C'est en Algérie qu'un camarade me fit connaître la lettre de Saint-Exupéry au Général X...

Je me souviens de son nom, Noinsky ;  il était secrétaire de l'officier de renseignements de notre unité, le capitaine Noguès, à Duquesne (aujourd'hui Kaous) en Petite Kabylie arrondissement de Djidjel.

Il l'avait tapée sur sa machine à écrire et m'en avait donné une copie "carbonée".
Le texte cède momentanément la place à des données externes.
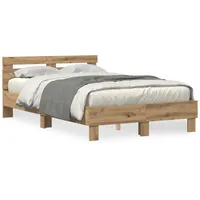 VidaXL Bettgestell aus Holz Artisan Eiche Massivholz Eiche 120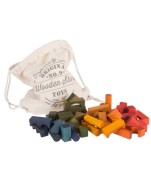 Wooden Story - Drewniane Klocki w Worku – Kolorowe, 100 Elementów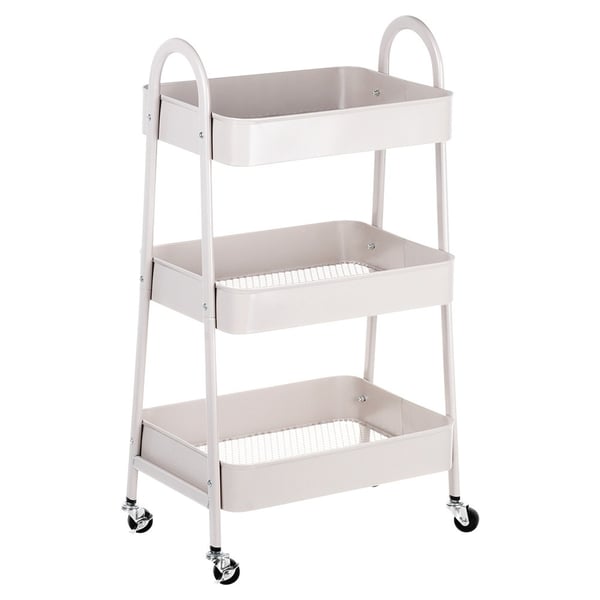Reol på hjul metal beige 3-niveauer 44x31,5x78,5 cm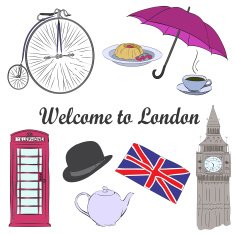 Vector hand drawn London set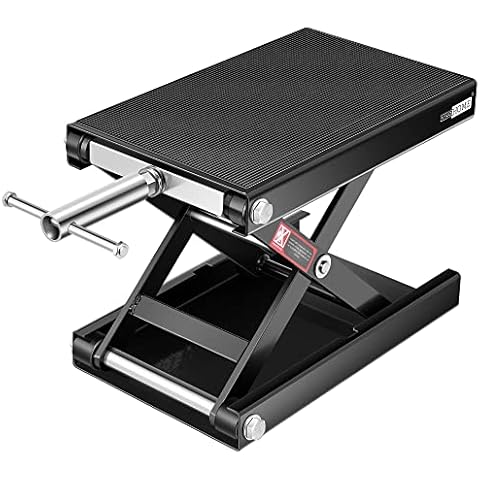 VIVOHOME Steel Motorcycle ATV Wide Deck Scissor Lift Jack Crank Hoist Stand Cover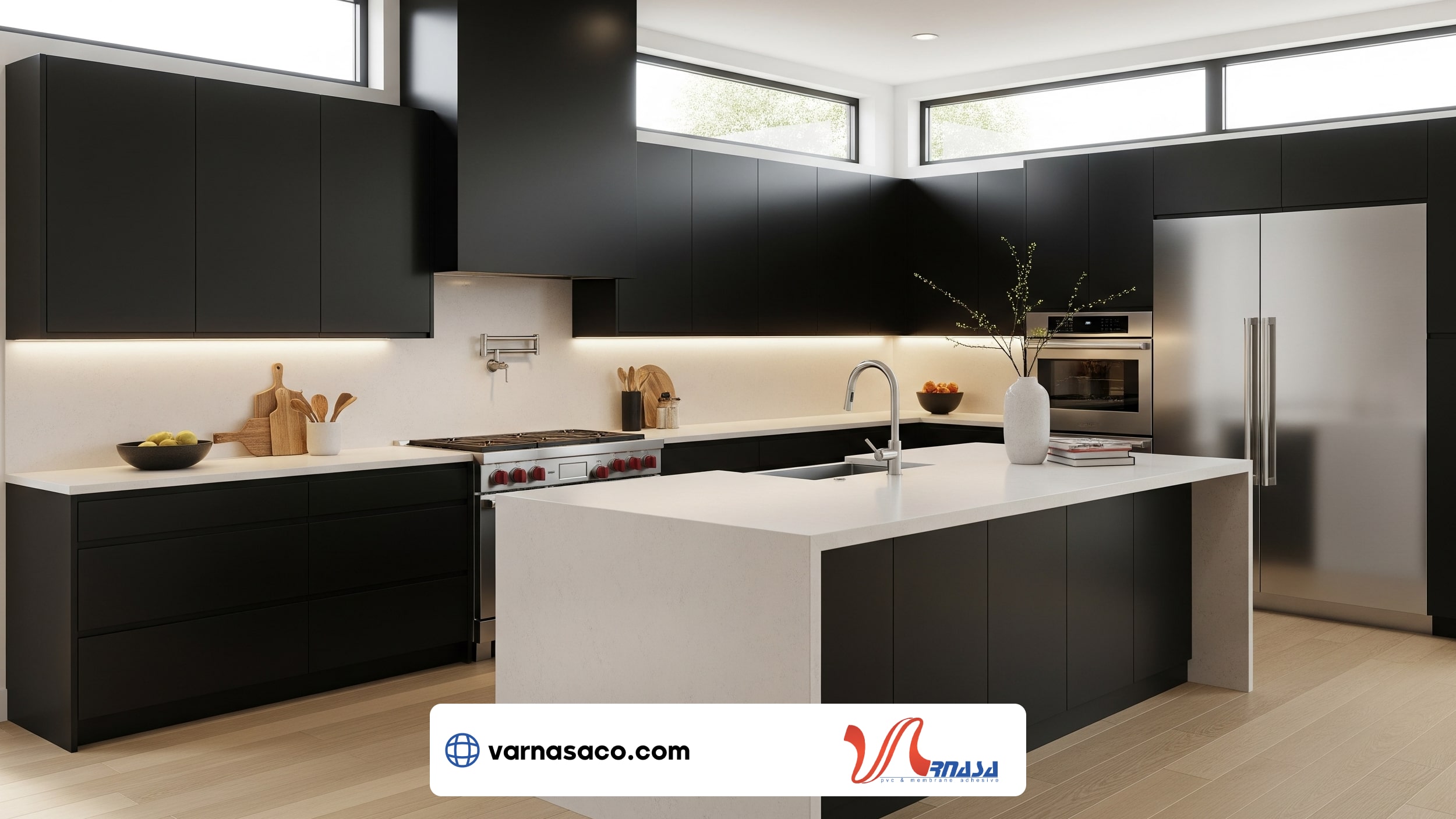 کابینت مدرن مشکی مات در آشپزخانه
Cette copie que j'ai conservée jusqu'à maintenant, toute jaunie et froissée, je l'ai lue et relue je dirais tout au long de ma vie tant elle m'avait impressionné à vingt ans et encore aujourd'hui à quatre vingts passés.

 

Saint-Ex était parvenu de haute lutte à se faire réintégrer dans son unité, le groupe 2/33 basé à Borgo en Corse dans lequel il avait combattu en 1939/40 et ce en dépit de la limite d'âge de 30 ans pour piloter le nouvel avion américain de reconnaissance Lightning P38. Les instructeurs américains étaient intraitables sur cette limite d'âge  : ils voulaient avoir à faire à des hommes jeunes.

Mais St-Ex avait alors 42 ans, âge que lui-même reconnaissait canonique pour ce métier et en temps de guerre  sur un tel engin. Pourtant et malgré ses misères physiques, il tenait absolument à revoler ne pouvant supporter de se retrouver derrière un bureau à Alger ou même à Londres dans l'ombre de de Gaulle.

 

Il avait un ami, le général d'aviation René CHAMBE, lui aussi écrivain, proche du Général Henri Giraud. Il le harcela pour obtenir un entretien avec lui afin d'obtenir une dérogation du général américain Eisenhower lui-même. Après plusieurs tentatives et de guerre lasse, Ike finit par céder en grommelant  que ce saint emmerdeur de St-Ex le serait peut-être moins en l'air que sur terre.

 

C'est donc bien grâce à ce général CHAMBE qu'il put reprendre du service dans son groupe, seule façon selon lui d'être encore utile dans la guerre, ne doutant pas de la victoire alliée mais par contre en redoutant l' "aftermath" comme disaient les Anglais.

 

 

Je ne me suis jamais préoccupé de savoir qui se cachait derrière ce Général X dans cette lettre non datée  qui ne fut jamais envoyée mais retrouvée parmi d'autres papiers personnels de l'auteur.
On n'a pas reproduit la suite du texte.